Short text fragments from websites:
○ ○ ○ ○ ○
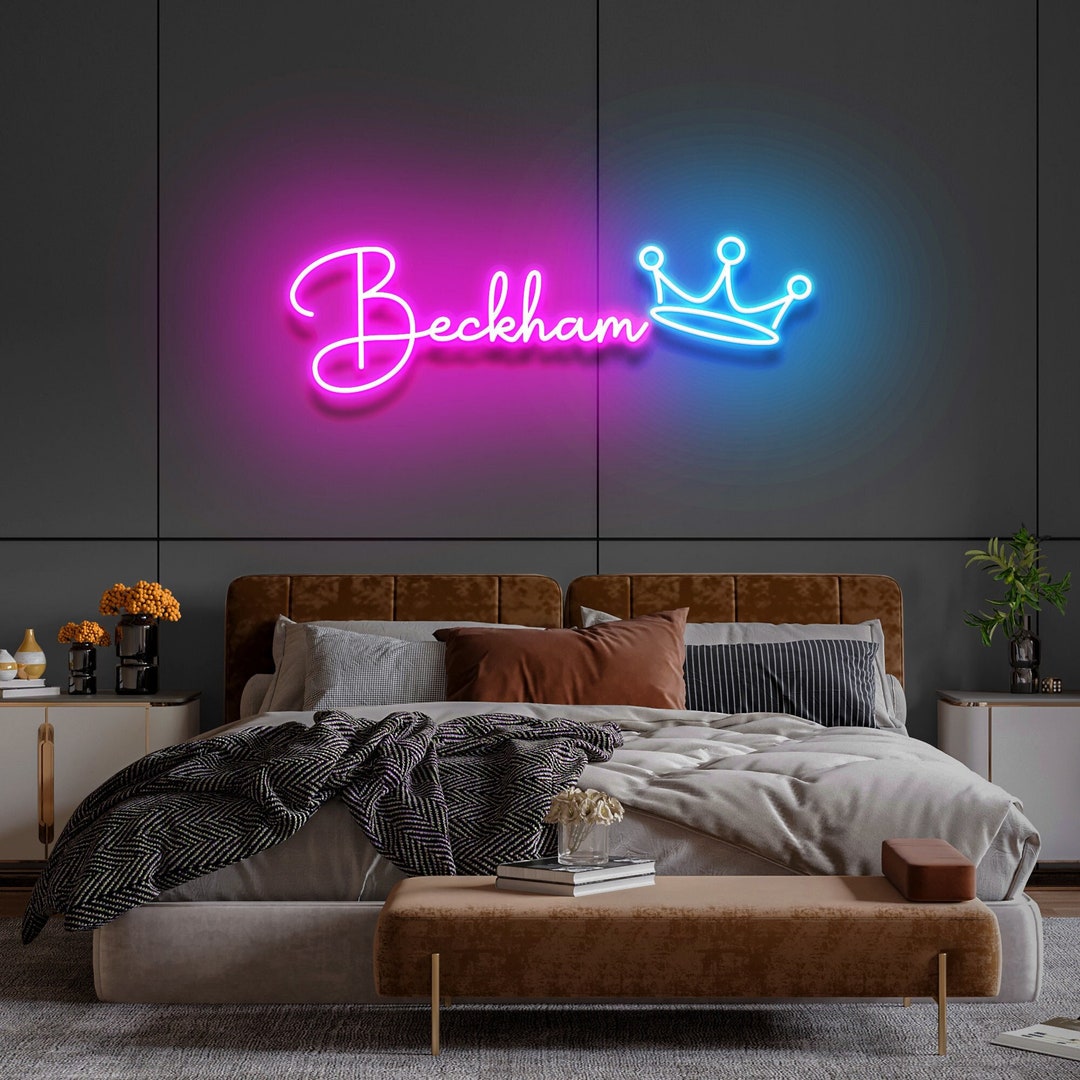 Personalized pink neon name sign with a blue crown above a bedroom bed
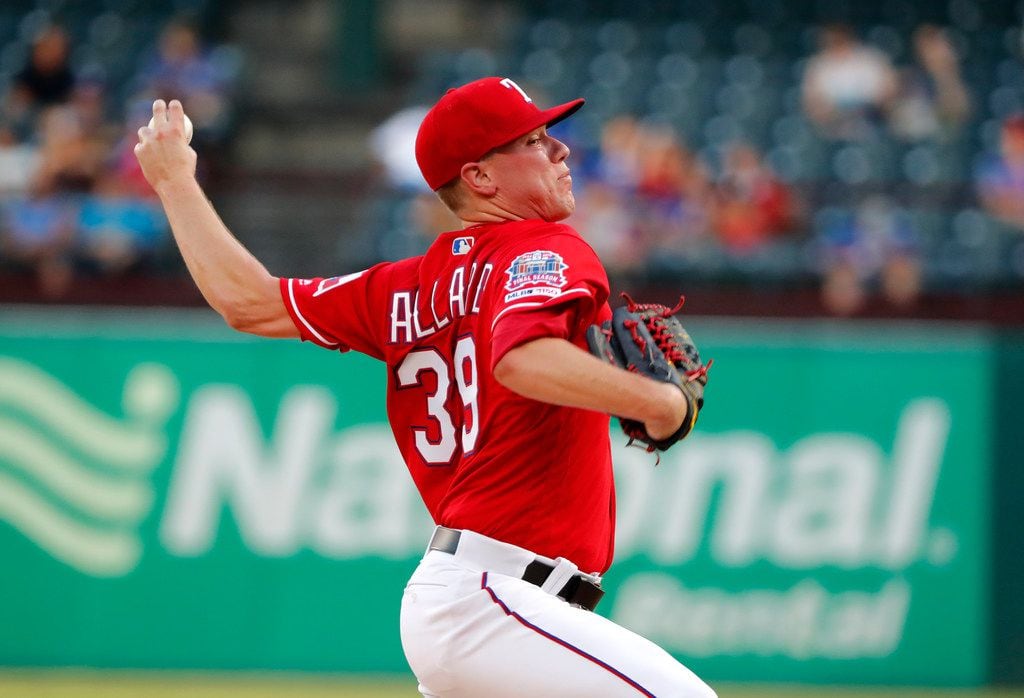 Texas Rangers relief pitcher Kolby Allard throws to the Los Angeles Angels in the first...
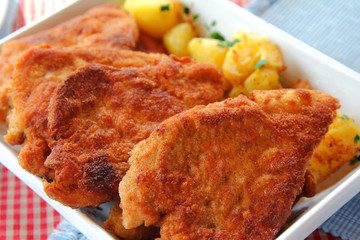 Crispy golden brown color of freshly fried homemade Wiener Schnitzel, national dish of Austria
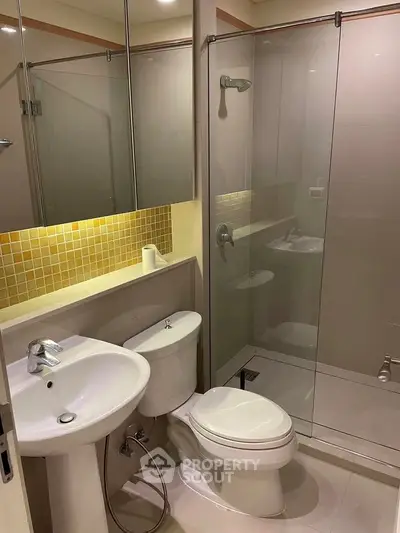 Modern bathroom with glass shower and sleek fixtures in a contemporary apartment.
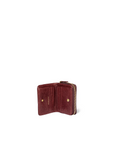 Compact maroon goat leather wallet with gold zipper, card slots, and coin compartment by Jerome Dreyfuss.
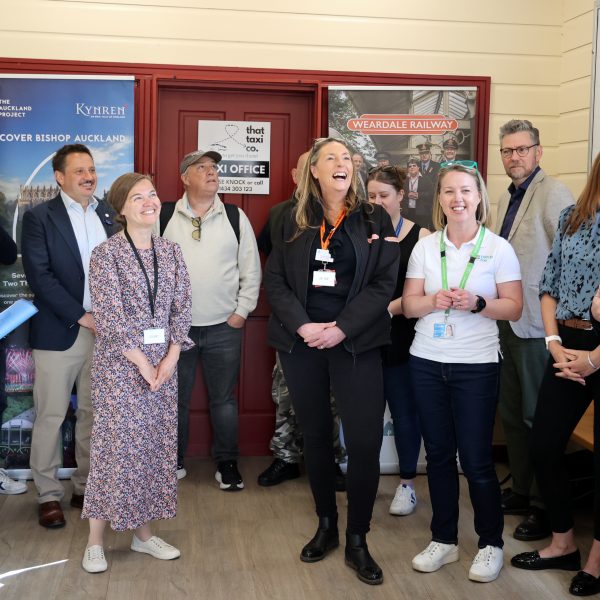 people gathered talking about sustainable tourism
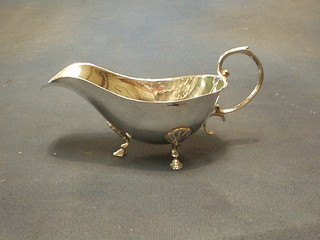 A Continental silver sauce boat with C scroll handle, raised on hoof supports 3 ozs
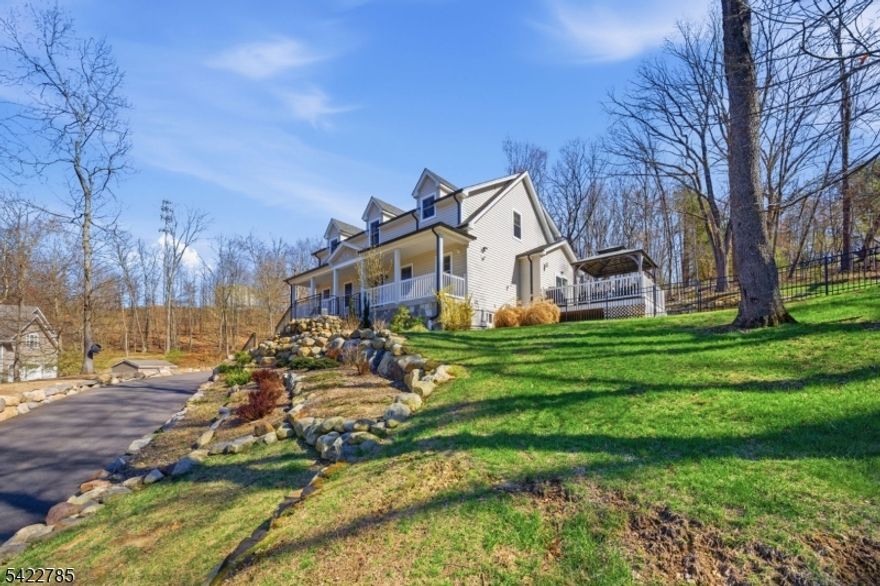 Welcome to 5 Laura Lane, a five year young center hall Colonial in Oakland NJ, one of Bergen County's most desirable towns. A lemonade porch leads to a two story foyer with hardwood floors. The main level offers a formal living and dining rooms, and a living room with fireplace that opens to a modern kitchen with quartz counters, custom cabinetry, and stainless steel appliances. Upstairs features three bedrooms including a primary suite with two walk in closets and a private bath, plus laundry. Finished basement with full bath and flexible space. Close to Oakland schools, Ramapo Mountain State Forest, Crystal Lake, downtown Oakland shopping, and NYC commuting routes, this home offers the lifestyle today's buyers are searching for.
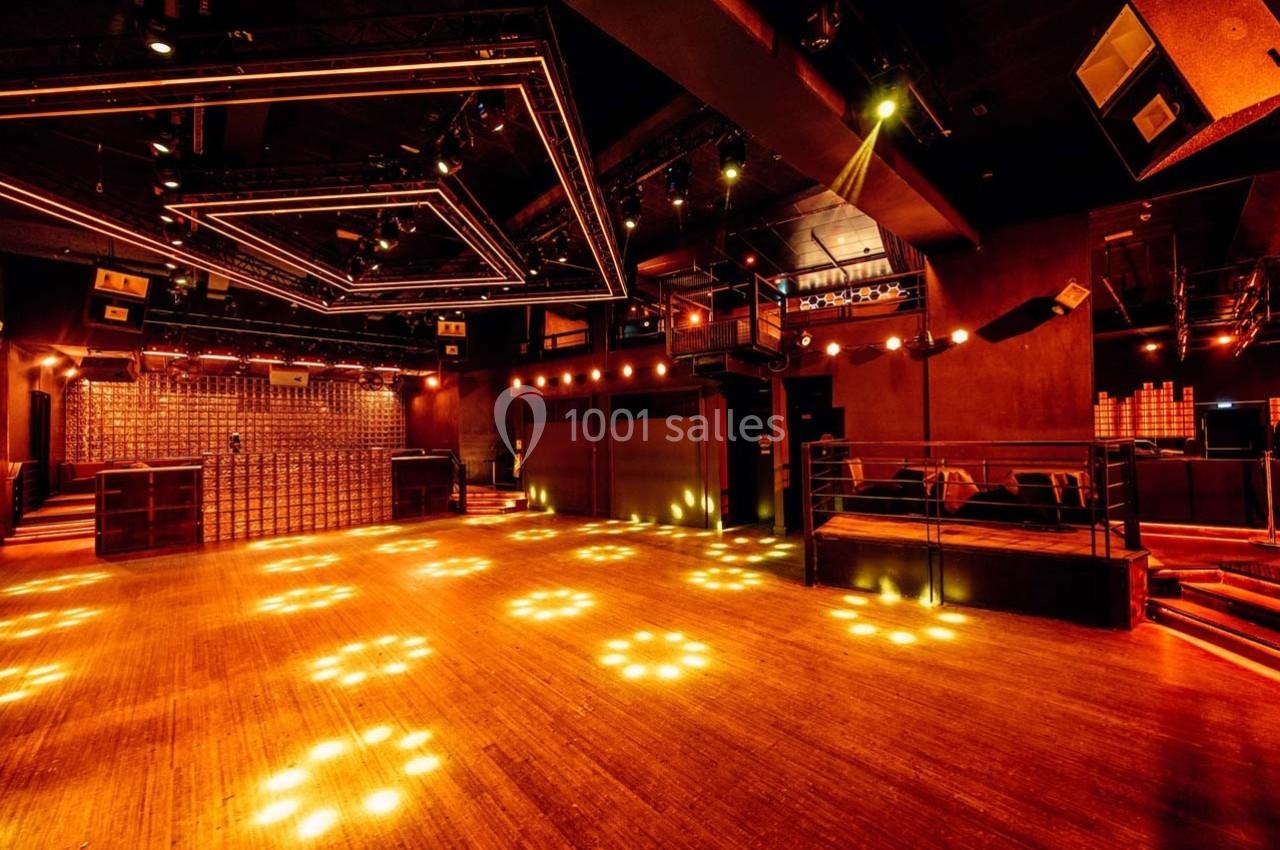 Salle de concert vide avec éclairage chaleureux, parquet en bois et structures lumineuses au plafond.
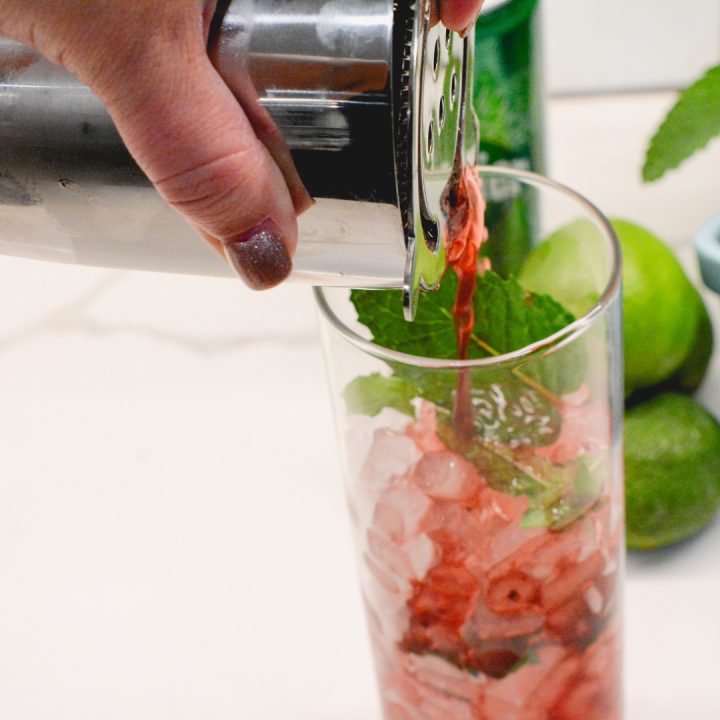 Fill a highball glass with ice and pour the cocktail through a cocktail strainer.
○ ○ ○ ○ ○
Above are some records. Output exactly the lines from the one that contains "Texas Rangers relief" to the one that contains "Crispy golden brown", keeping both, and omit the pictures.

 Texas Rangers relief pitcher Kolby Allard throws to the Los Angeles Angels in the first...
 Crispy golden brown color of freshly fried homemade Wiener Schnitzel, national dish of Austria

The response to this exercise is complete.